| Data supplied |
○ ○ ○ ○

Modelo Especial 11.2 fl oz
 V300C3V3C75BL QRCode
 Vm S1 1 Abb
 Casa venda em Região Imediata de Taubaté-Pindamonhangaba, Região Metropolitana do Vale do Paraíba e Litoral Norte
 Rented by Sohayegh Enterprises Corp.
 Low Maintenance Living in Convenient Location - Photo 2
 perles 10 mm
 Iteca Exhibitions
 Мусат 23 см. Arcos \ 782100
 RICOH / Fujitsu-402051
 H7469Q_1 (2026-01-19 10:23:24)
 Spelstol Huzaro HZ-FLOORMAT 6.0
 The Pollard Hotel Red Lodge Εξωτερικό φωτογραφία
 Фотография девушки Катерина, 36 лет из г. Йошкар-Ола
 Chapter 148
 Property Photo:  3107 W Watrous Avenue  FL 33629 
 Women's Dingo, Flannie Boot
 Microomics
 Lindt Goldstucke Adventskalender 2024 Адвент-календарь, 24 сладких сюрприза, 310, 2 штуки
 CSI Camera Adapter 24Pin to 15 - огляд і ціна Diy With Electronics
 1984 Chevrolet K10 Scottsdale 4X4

○ ○ ○ ○

| Problem to work on |
Write out the entries verbatim, all of them.

| Written response |
Modelo Especial 11.2 fl oz
 V300C3V3C75BL QRCode
 Vm S1 1 Abb
 Casa venda em Região Imediata de Taubaté-Pindamonhangaba, Região Metropolitana do Vale do Paraíba e Litoral Norte
 Rented by Sohayegh Enterprises Corp.
 Low Maintenance Living in Convenient Location - Photo 2
 perles 10 mm
 Iteca Exhibitions
 Мусат 23 см. Arcos \ 782100
 RICOH / Fujitsu-402051
 H7469Q_1 (2026-01-19 10:23:24)
 Spelstol Huzaro HZ-FLOORMAT 6.0
 The Pollard Hotel Red Lodge Εξωτερικό φωτογραφία
 Фотография девушки Катерина, 36 лет из г. Йошкар-Ола
 Chapter 148
 Property Photo:  3107 W Watrous Avenue  FL 33629 
 Women's Dingo, Flannie Boot
 Microomics
 Lindt Goldstucke Adventskalender 2024 Адвент-календарь, 24 сладких сюрприза, 310, 2 штуки
 CSI Camera Adapter 24Pin to 15 - огляд і ціна Diy With Electronics
 1984 Chevrolet K10 Scottsdale 4X4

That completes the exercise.